See, James P. had a bum ticker. Just couldn't keep pounding out the beats. And he and I had a bit of a falling out round about eighth grade, when due in no small part to his intervention in what was none of his goddamn business, I decided that the whole Catholicism thing just couldn't cut the mustard for me anymore.
James P. was my religion teacher, and so a falling out with him meant a falling out with God, the Roman Catholic Church, religion in general, and--well, pretty much everything I'd ever been taught to believe. Nobody ever said I did things by halves, and this was a pretty spectacular falling out.

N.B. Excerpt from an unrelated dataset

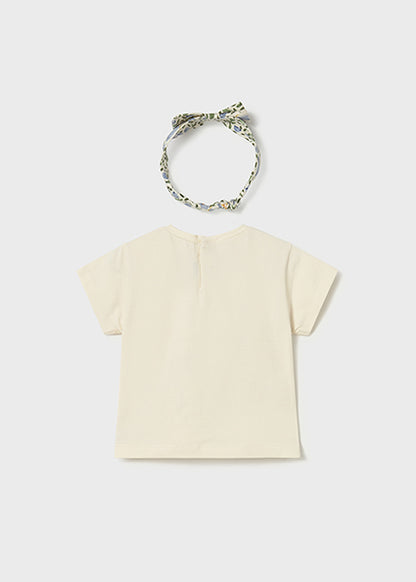 Blue Blossom Tee & Headband Set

And, being the perfect student, I always gave my teachers presents at Thanksgiving, Christmas, Easter, etc. Name the holiday, and chances were I was forking something over to maintain my average. Not like I needed it, but a little extra sucking up never hurt anyone. (Except for that one guy. The one Trump fired. Dude, that was awesome.)
The default gift was fudge. The night before a holiday filled the kitchen with the smell of melted chocolate and marshmallow fluff as Mom and I would make huge bricks of fudge, filling the whole kitchen table with the assembly line of fudge production. 4 kids, 2 to 7 teachers apiece, plus music teachers and gym teachers and drama teachers and French horn teachers and everybody else--we made a lot of fudge.
James P., due to the bum ticker, always got something else. A nice candle or a tie or something a tiny bit healthier than fudge.
And post-falling-out, pre-start-of-Easter-vacation for eighth grade, Mom asks me if I'm still giving presents to teachers.
"Sure. I guess so."
"And will you be making something special for Mr. Owens this year?"
An awful, wicked, evil thought enters my mind. A thought that is clearly dredged up from the blackest part of the deepest marsh in my wicked, wicked, wicked soul.
"Give him fudge."
Deep black fudge, with two sticks of butter and a whole can of marshmallow fluff. Fudge with chocolate and nuts. UltraChocolate Fudge of Doom!
I picked out the biggest two pieces to give to him.
Seven and a half years later, he dies of a heart attack.
I need to find faster ways of doing people in.
Comments
I said that? I must be losing my touch at making my sister suffer, since I managed to cause such glee in your life. But yes, your assassination attempts are rather slow acting... if you tried to kill me now, I wouldn't die until I was out of college (oh the horror!)